After this was the culmination of the event, where I gave a talk, introduced by Giulio from the local group, and key organiser of everything that had happened over the previous few days.  The local Mayor also said a few words.  I then gave an overview of Transition, tricky given that the audience contained people who have been doing Transition as long as I have, and some people for whom it was their first encounter, but it got a standing ovation at the end, so hopefully it was ok.  Here is the video of it, thanks to Cristiano Bottone.

And so the day, and our time in Santorso, drew to a close.  Although my experience of the Hubs meeting was more that of observer than that of participant, there was something very satisfying about it for me.  When we started Transition Network, 10 years ago, in a coffee shop in Bristol, sketched out on the back of an envelope long since lost in the mists of time, Peter Lipman, Ben Brangwyn and I had the intention that we needed to create an organisation that turned the model for organisations upside down.

In most corporate structures, the idea is that each level exists to benefit the level above it: the workers benefit the bosses, who benefit the shareholders and so on.  Power concentrates upwards.  With Transition Network our intention was to create an organisation that was in service to and in support of the people on the ground actually doing Transition.  So our role is to support the National Hubs, their role is to support the regional networks, where they exist, and their role is to support the initiatives on the ground, and their role is to support the people and the groups actually doing the Transition on the ground.
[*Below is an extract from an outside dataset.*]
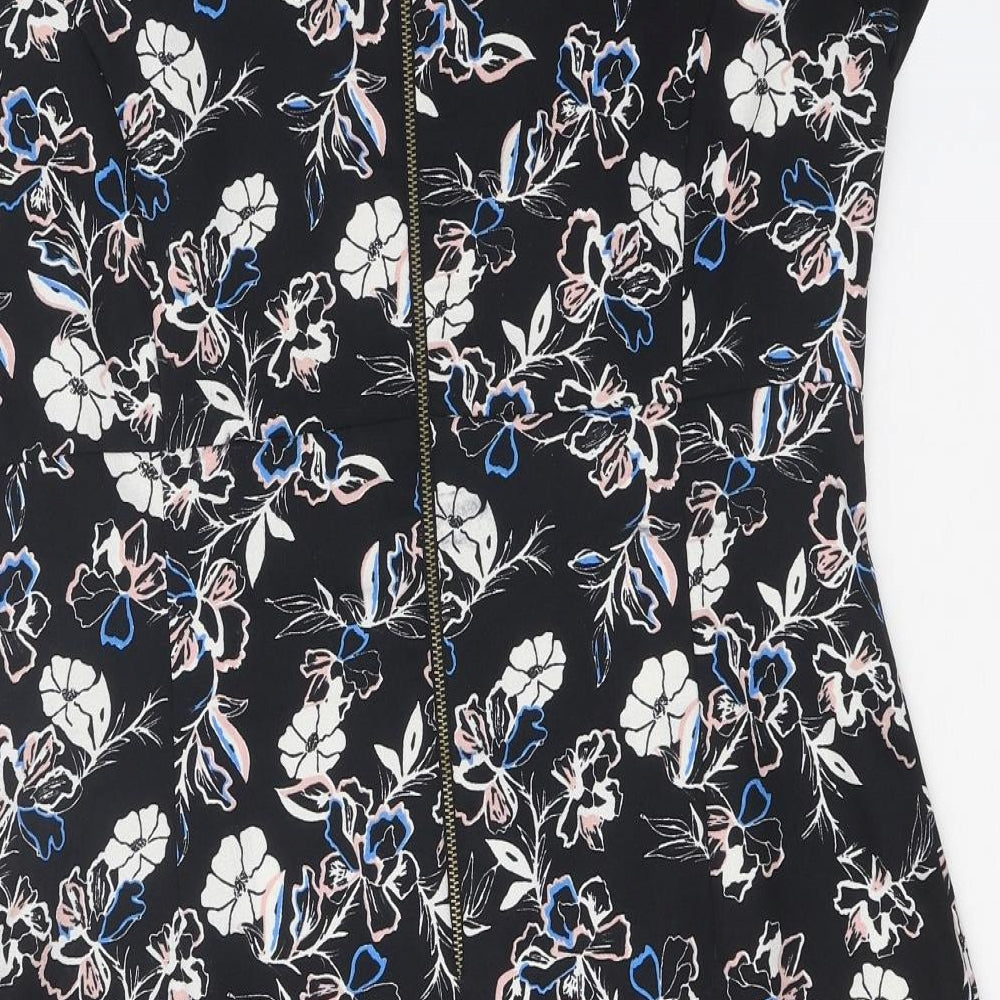 George Womens Black Floral Viscose Shift One Size Round Neck Zip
What was so wonderful at the Hubs gathering in Santorso was that, with the passing of the new governance structure, which gives that say to the Hubs in such a way that Transition Network has only a small role in the process, it felt like that was actually coming into being.  And coming into being in a way that showed huge bravery, commitment to good process and clear communication, and real maturity for such a young movement.  I felt very proud, and honoured, to be able to spend time around such amazing activists from so many different places, imaginative and dynamic souls all.  What a remarkable thing Transition has become, and what an independent, self-organising, deep and soulful thing it is.  And so it grows…

Deepest thanks to everyone in Santorso for their hospitality, to my hosts Ilaria and Christian, to the Syndico, to Guilio, to the mountain, to Josue my roommate, and to all the wonderful people I met.